# Navigating the minefield that is skills assessment



## manic mum (Sep 5, 2017)

Hi All

I am hoping someone may be able to share any experiences or offer suggestions around skills assessment for Welfare work type roles.

I am looking to move to Queensland area and have 2 dependent children.

I have 20 plus years experience working with children and families with the majority of my work over recent years being at managerial level. Unfortunately most roles in Australia seem to want a bachelors degree which i don't have. I have a NVQ Level 4 Care and Management qualification which I achieved in 2003. Age wise I am 43 so now don't have time to complete a degree course at Bachelors level and be able to apply for a work visa in time before I am 45 years old.
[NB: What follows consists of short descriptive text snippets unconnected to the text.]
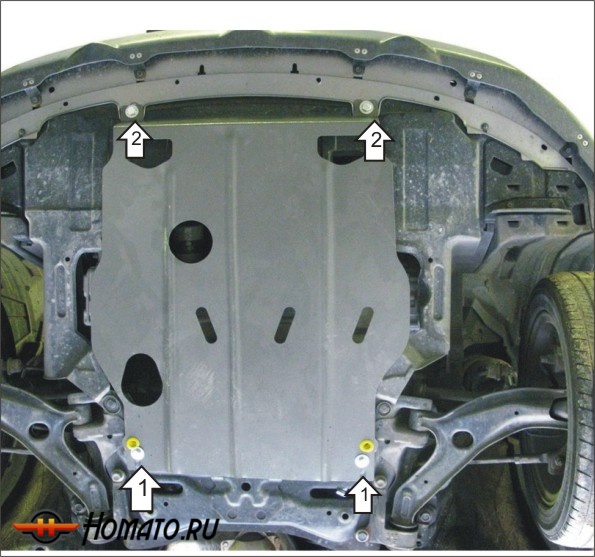 Защита картера Honda Airwave 2004-2008 | двигатель + КПП, 2 мм, сталь | MOTODOR | 00821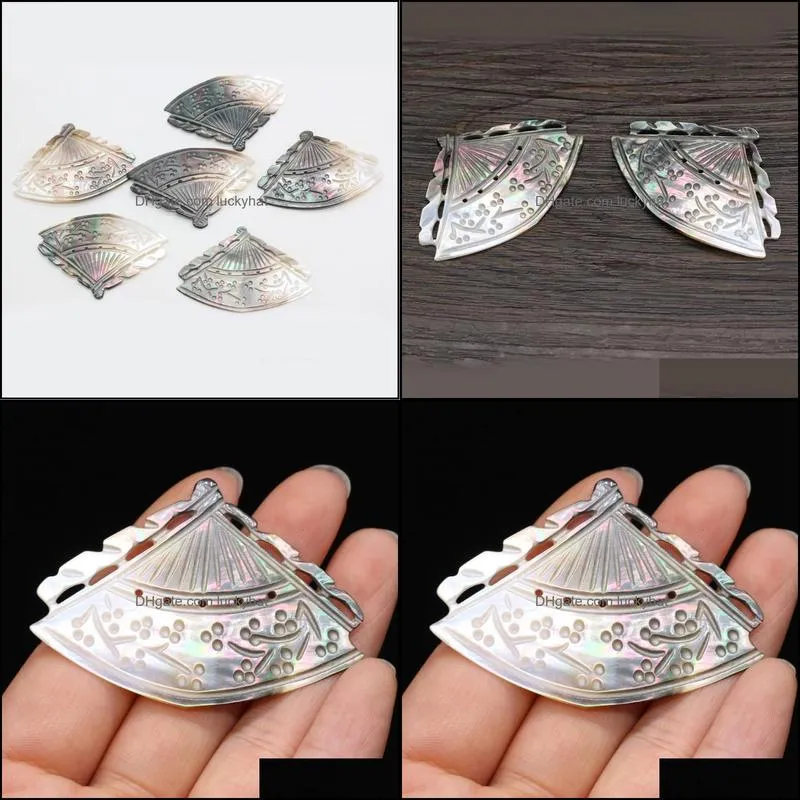 charms natural freshwater shell pendant black carved hollow fan diy hairpin necklace jewelry accessory 40x55mmcharms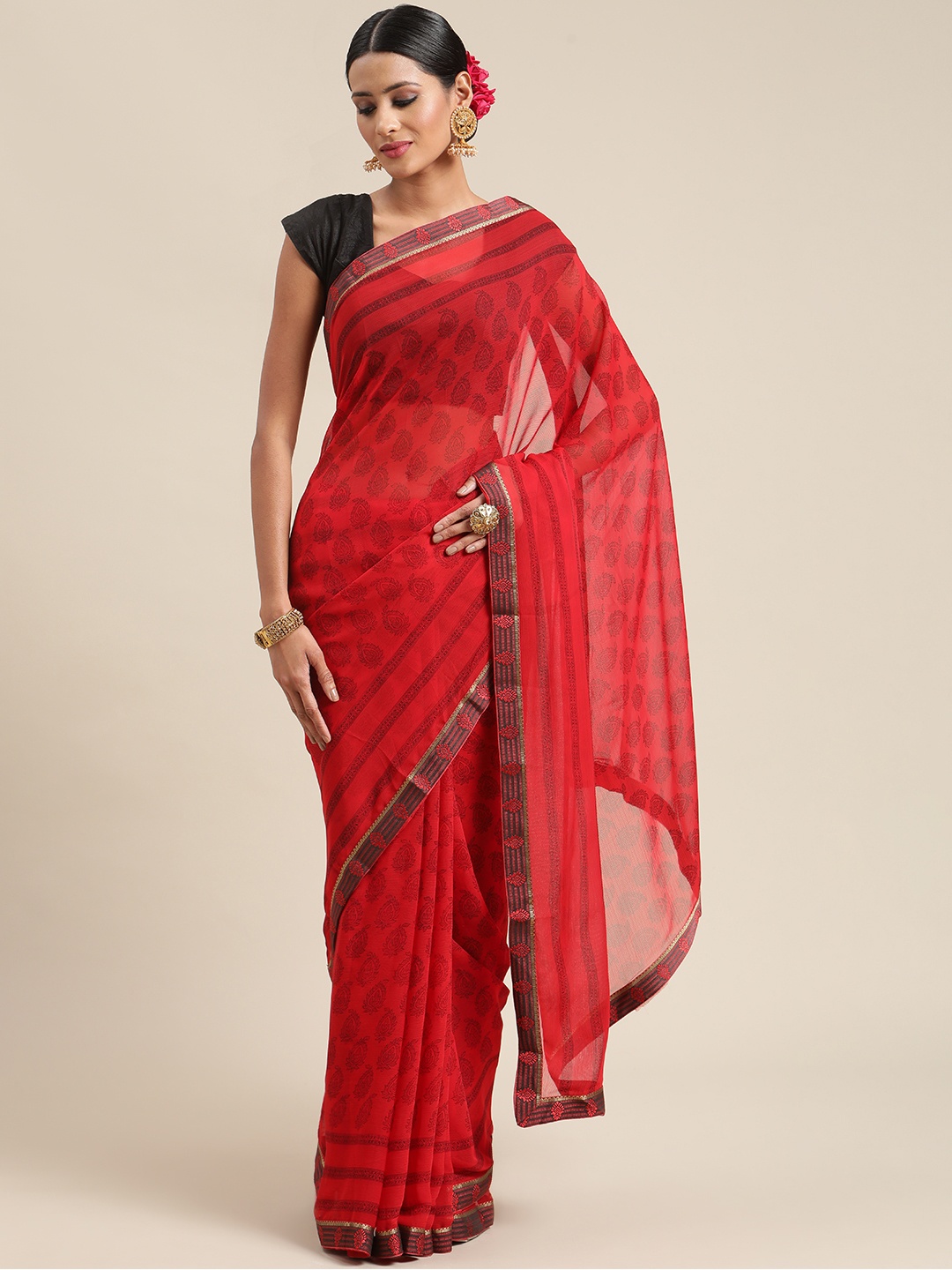 

Triveni Red Ethnic Motifs Zari Pure Chiffon Saree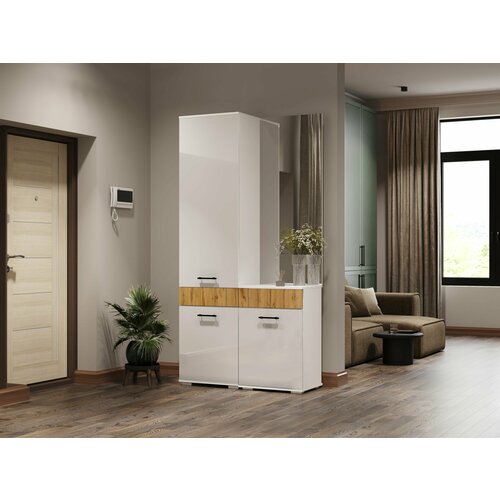 Прихожая комплект К-5 с зеркалом Принцесса Мелания Белый Дуб вотан 2200х1100х402 мм 25990₽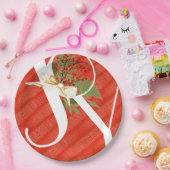 ジョイタイポグラフィ引用文レッド&グリーンクリスマス ペーパープレート (パーティー)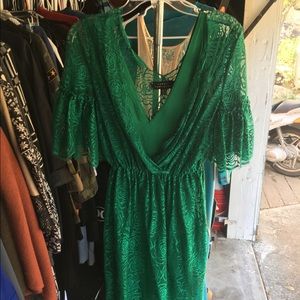 Robert Rodriguez green lace dress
Looking at available roles in Australia my most recent roles would fit a Welfare Centre Manager however I don't have a degree so would not meet assessment requirements and I then looked to Welfare Worker but ACWA who undertake skills assessments confirmed my NVQ Level 4 would not meet the overseas qualification requirements. It also looks like for a Community Worker role the overseas qualification that is recognised is a degree so I can't apply for this either. There is a Youth Worker post but not sure I would meet the specialism requirement for this I have emailed ACWA to ask if they may be able to clarify what this means exactly so i can see if my work experiences fit this.

VETASSESS undertake the assessment for a Family Support Worker which I have previously undertaken this role but left the post in 2010 and since then have managed teams providing family support so my contact with families has not been at the same level.

I am at a loss as to what to try next. Even if I could secure sponsorship via an employer I need to be able to evidence I meet skills assessment requirements.

VETASSESS offer consultation service which they charge $220 for. Has anyone used this service and what was their experience like? I would appreciate any suggestions/ information anyone can offer.

Thanks in advance


----------